Das Festhalten an der afghanischen Tradition wertete das Gericht "wenn überhaupt, nur ganz geringfügig strafmildernd", wie Backen sagte. Der Angeklagte sei zwar von seinen Kindern als "Hinterwäldler" bezeichnet worden. Tatsächlich stamme er aber aus einer Familie mit einer gewissen Bildung und wuchs in der drittgrößten Stadt Afghanistans auf. In seiner Heimat sei er als Wachposten in der nationalen Armee tätig gewesen.

1995 flüchtete er mit seiner Frau und drei Kindern nach Deutschland. Nur anfangs habe er zwei Stunden täglich in einer Pizzeria gearbeitet. Er habe sich nicht um Integration bemüht und sei "in archaischen Überzeugungen verwurzelt" geblieben. Der Richter betonte jedoch: "Die Tötung und Verstümmelung der Frau ist auch nach afghanischem Recht verboten."

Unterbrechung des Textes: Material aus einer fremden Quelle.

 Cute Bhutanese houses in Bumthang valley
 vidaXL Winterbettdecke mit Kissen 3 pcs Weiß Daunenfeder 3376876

Und direkt zum Angeklagten gewandt fügte er hinzu: "Sie haben durch die Tat Ihre Frau verloren, die einzige, die zu Ihnen hielt und Sie bisher noch liebte. Nun sind Sie ganz allein." Der 49-Jährige nahm das Urteil mit gesenktem Kopf und einer Hand vor den Augen entgegen.